三村:人材派遣サービスとの競合もあるのではないでしょうか。

中村:ABIC自体も有料職業紹介事業の許可を取得していますので、一部重なる部分はありますが、多くの場合人材紹介の協力依頼が人材派遣サービスの会社からあります。自治体にしても中小企業の方々にしても、商社など大企業出身者と聞くと、報酬面で無理ではという反応が多いのですが、いや、そうじゃないんですと。「週に2日でも、月に5日でもいいんですか」とか、「報酬はこれくらいしか出せないんです」ということがあれば全部言ってくださいとお願いしています。何も背伸びする必要はない。先方のニーズと負担できる費用を聞いて、それでマッチングさせるのがABICの特徴です。

三村:そんなマッチングの世話をする人が7−8人おられると聞きました。これがまた大変ですね。手弁当でやってもらっているようなものでは。スポンサー企業のバックアップがないと、20年間スムーズに運営するのは難しかったでしょう。

中村:当会から必要な費用は出していますので、会員会社に負担してもらっているということになります。

三村:こういうマッチング機関というのは、いろいろあるのですが、ABICのように、シニア人材が今までの人生で蓄積したノウハウとか知識とかを社会に役立てる、そういうマッチング機能というのはあまり聞きません。なぜでしょうか。

中村:テンポラリーにと言いますか、必要なところを必要な時間だけ助けてもらうというサービスがあまりないように思います。日本はもともとフルタイム雇用が一般的で、最初からあきらめてしまっている中小企業が、特に地方には多いと感じます。

三村:そうですね。ある地方企業が、フルタイムではなく副業として、都会の人たちを対象に人材募集したら、すごい数の応募が来たという話を聞きました。



依頼者も支援者もともに満足


中村:ABICに依頼の多いもう一つの分野が教育関係です。小学生向けの国際理解教育では、ミャンマーとかインドネシアなど各国の事情について話をしてほしいという依頼がきます。これに対して、かつてその国に駐在した経験のあるシニアを送り出すのですが、1時間の授業にもしっかり準備をして臨みます。中には改めてその国に行って最新事情を確認する会員もいるんです。費用が報酬よりもはるかに高くつくこともあります。

三村:相手がビジネスマンであれば、改めて準備はいらないと思いますが、小学生、中学生相手となると大変ですよ。

中村:その通り、本当に大変です。しかし、会員の話を聞くと満足度は非常に高い。人を教える楽しさに加え、未来を担う子供たちを育てる手伝いができるというところに、ものすごい満足感を感じてやってもらっているようです。

三村:20年も続いたということは、お願いする方もお手伝いする方も満足度が高くないと続きませんよね。
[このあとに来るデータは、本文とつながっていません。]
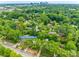 Aerial view showcasing home's location within a leafy neighborhood with skyline in distance at 409 Scaleybark Rd, Charlotte, NC 28209
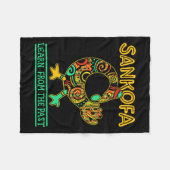 Sankofa African Bird Black History Monat Juni Fleecedecke (Vorderseite (Horizontal))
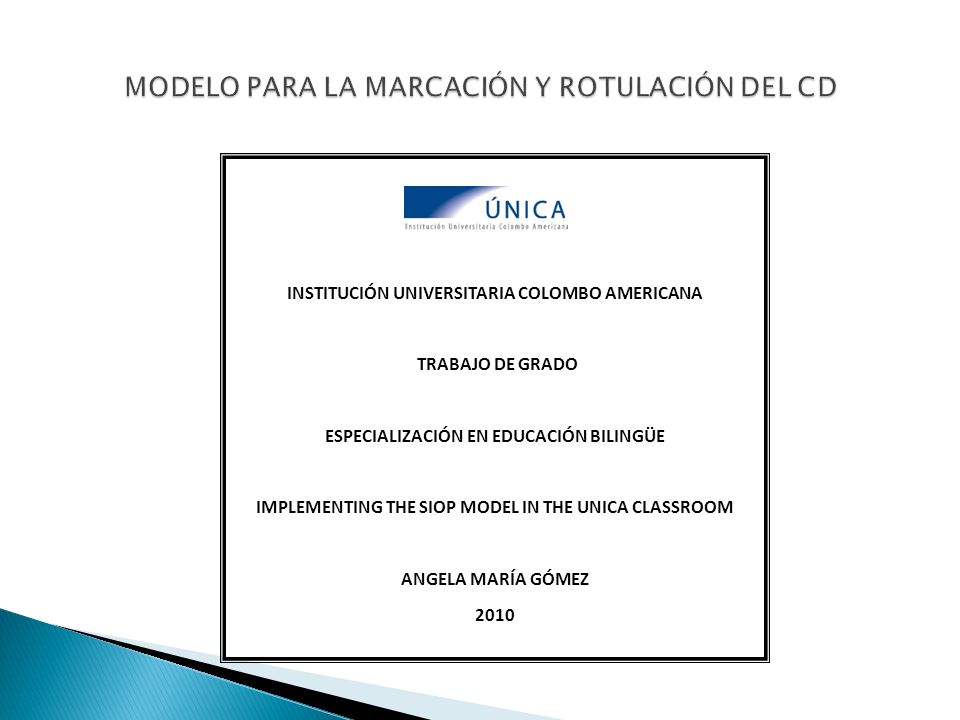 MODELO PARA LA MARCACIÓN Y ROTULACIÓN DEL CD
中村:双方の満足を取り持つのがコーディネーターの方々です。会員の得意分野や実績などが頭に入っていて、この人ならうまくやってくれるだろうということで、マッチングをする。依頼する方も、この人になら、もっと他にもお願いしたいと、リピーターになっていただける例もあります。

三村:ビジネスでもそうなんですよね。広がっていくんです。

中村:そうなんですが、今のやり方では、これ以上案件数が増えたら対応しきれなくなりますので、少しシステムも高度化しようと考えているところです。

三村:地方のニーズがもっと伝われば、案件が増えるのは間違いない。

ABICの活動をもっと広げるには

中村:地方は直接のやりとりが難しいので、自治体の中小企業支援機関のようなところに窓口になってもらうのがポイントです。その点では、日商傘下の全国515の商工会議所にも窓口になっていただくことができれば、さらに可能性が広がりますので、これも成功事例をどこかで作っていければと考えています。

三村:商社というと、最初はちょっと敷居が高いんですよね。ただ資料を拝見すると3千人の登録会員のうち商社出身者は6割強ぐらいですか。

中村:6−7割ですかね。あとは、金融機関やメーカー出身者もいます。確かに敷居は高いというか、皆さんのイメージとして、大企業のその中でも商社というと、こんな仕事はやってくれないだろうとか、なんとなくみんな海外ばかり飛び回っているようなイメージを持たれるのですが、国内営業の経験者もいて、地方の特産品を全国で販売したいとか、会社の経理を見てほしいというご要望にもお応えしています。

三村:私は、どうして商社業界だけがこういうマッチング機能を20年間も続けてこられたのか、こんな時代のニーズに沿ったプロジェクトを、他の業界ではどうしてまねをできないのか不思議でなりません。商社の人だけが社会の役に立ちたいという意識を持っているのではなく、他の業界でも同じように、定年まで働いた後は国のため社会のために何かやりたい、それでお金も少しもらえれば、というふうに思う人がたくさんいると思うんです。なぜこれが広がらないのでしょうか。

中村:私たちも商社以外の業種の方にも、もっとABICに登録いただきたいと思っています。しかし、実際には各企業で既に社会貢献組織を持っておられる例も多く、わざわざABICにということにはなかなかなりません。

三村:日本全体のためにもっとアピールしてもらいたいですね。

中村:そのためには三村会頭のような理解者をもっともっと増やしていくことが必要です。先ほど申し上げた、地方商工会議所とのタイアップもぜひお願いします。

三村:成功事例をたくさん作っていきましょう。日経新聞にも広告だけでなく、記事でも取り上げてもらいたいですね(笑)。

中村:本当にそう思います。本日はお忙しい中、ありがとうございました。